# How long to wait before jarring honey?



## Emsbees (May 15, 2014)

How long should I let extracted honey sit in the bucket before jarring? This is my first year extracting and I have heard different things about how long to wait between extracting and jarring the honey. Do the presence of bubbles really matter or is it just aesthetic?

Thank you for any advice!


----------



## Serendipidity (Feb 3, 2013)

I usually wait about 3 days to let everything undesirable float to the top!!


----------



## Ravenseye (Apr 2, 2006)

I usually wait at least a day; longer if the temps are cool. A lot depends on how you extracted, temperatures, how you strained, etc. Bubbles are really only aesthetic but I've found that when the bubbles rise and sit on the surface, so do very small particles of wax. That's why I give it a little time so that my finished product is pretty clear. It's really up to you!


----------



## GaryG74 (Apr 9, 2014)

If you're going to sell it, I'd wait three days. For personal use you can bottle same day if you don't mind bubbles, wax bits, etc. You can skim off any bubbles also. I extract one day and bottle the next. I also set the honey buckets in my water heater room to keep it warm. The last bottle or two usually gets film of small bubbles so I keep those for myself.
Congratulations on your first extraction.


----------



## Emsbees (May 15, 2014)

GaryG74 said:


> For personal use you can bottle same day if you don't mind bubbles, wax bits, etc.
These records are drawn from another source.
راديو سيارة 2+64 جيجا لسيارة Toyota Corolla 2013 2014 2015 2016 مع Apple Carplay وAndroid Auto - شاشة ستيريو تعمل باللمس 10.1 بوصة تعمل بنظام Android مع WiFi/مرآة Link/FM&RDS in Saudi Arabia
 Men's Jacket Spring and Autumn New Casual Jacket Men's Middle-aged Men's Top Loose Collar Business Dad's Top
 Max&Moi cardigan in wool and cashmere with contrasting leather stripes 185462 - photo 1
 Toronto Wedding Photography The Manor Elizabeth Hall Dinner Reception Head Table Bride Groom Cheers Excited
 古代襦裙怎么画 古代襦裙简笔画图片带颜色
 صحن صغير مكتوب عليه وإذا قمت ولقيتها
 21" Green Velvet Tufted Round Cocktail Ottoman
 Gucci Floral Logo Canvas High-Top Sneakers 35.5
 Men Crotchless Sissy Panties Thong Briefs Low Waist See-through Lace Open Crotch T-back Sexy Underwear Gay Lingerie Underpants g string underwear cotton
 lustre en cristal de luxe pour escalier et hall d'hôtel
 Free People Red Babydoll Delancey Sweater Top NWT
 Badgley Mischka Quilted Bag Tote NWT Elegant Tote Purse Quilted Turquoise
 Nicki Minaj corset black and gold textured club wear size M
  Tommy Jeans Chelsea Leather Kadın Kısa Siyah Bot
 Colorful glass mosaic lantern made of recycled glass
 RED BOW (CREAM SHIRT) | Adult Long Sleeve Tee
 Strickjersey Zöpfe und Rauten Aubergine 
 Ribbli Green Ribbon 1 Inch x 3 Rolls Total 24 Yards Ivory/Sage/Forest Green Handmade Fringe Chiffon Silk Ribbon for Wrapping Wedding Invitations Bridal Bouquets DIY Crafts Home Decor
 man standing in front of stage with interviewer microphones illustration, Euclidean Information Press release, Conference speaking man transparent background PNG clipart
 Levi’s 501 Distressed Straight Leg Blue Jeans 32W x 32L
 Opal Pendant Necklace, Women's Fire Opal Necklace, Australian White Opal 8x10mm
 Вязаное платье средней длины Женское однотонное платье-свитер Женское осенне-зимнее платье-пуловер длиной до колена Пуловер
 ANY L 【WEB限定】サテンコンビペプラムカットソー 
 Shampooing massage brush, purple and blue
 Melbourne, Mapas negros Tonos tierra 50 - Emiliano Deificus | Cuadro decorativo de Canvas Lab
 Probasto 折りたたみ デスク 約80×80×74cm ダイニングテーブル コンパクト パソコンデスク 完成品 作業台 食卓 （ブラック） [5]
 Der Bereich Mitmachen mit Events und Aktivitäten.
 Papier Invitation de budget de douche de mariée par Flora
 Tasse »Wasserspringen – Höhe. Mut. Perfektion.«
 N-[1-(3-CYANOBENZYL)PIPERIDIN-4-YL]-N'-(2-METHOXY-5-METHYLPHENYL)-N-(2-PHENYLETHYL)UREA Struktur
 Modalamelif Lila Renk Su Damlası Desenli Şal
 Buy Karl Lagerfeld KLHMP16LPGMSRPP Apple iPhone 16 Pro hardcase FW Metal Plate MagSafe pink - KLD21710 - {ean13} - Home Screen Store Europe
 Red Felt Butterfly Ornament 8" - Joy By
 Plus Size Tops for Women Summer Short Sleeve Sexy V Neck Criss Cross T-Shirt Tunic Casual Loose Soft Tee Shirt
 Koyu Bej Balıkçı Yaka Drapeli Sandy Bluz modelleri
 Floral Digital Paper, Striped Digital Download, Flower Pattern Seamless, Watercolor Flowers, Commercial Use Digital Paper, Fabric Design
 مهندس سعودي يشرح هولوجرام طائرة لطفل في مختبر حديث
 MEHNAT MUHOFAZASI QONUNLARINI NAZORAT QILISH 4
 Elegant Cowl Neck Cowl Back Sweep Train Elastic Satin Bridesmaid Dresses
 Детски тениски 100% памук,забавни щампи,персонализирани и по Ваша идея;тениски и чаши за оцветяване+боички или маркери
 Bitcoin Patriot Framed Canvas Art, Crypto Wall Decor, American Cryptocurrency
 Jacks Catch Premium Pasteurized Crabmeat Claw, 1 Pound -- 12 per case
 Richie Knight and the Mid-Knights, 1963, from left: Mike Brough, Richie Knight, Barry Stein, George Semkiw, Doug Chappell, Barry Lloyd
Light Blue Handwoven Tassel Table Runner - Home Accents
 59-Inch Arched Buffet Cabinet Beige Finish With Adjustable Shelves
I should have mentioned that I will be using a filter on the bucket I am transferring the honey into from the extractor. Will I still get wax bits? This will be for personal use and to give to friends so I'm not too worried about perfection. Thank you for your advice.


----------



## Serendipidity (Feb 3, 2013)

Small parts will still go through! Fill 1 container and see how it looks. Should probably be ok.


----------



## GaryG74 (Apr 9, 2014)

Emsbees said:


> I should have mentioned that I will be using a filter on the bucket I am transferring the honey into from the extractor. Will I still get wax bits? This will be for personal use and to give to friends so I'm not too worried about perfection. Thank you for your advice.


Depends on the filter hole size. Most filter kits have three different sized filters that fit onto a 5 gallon bucket. I usually use the middle (I think it's 400 micron) filter and it's faster than the smallest size and leaves the honey clear while getting out bits of wax, bee parts, etc. I let mine settle overnight then bottle and it's real clear and looks great in glass bottles. Hope that helps, good luck!


----------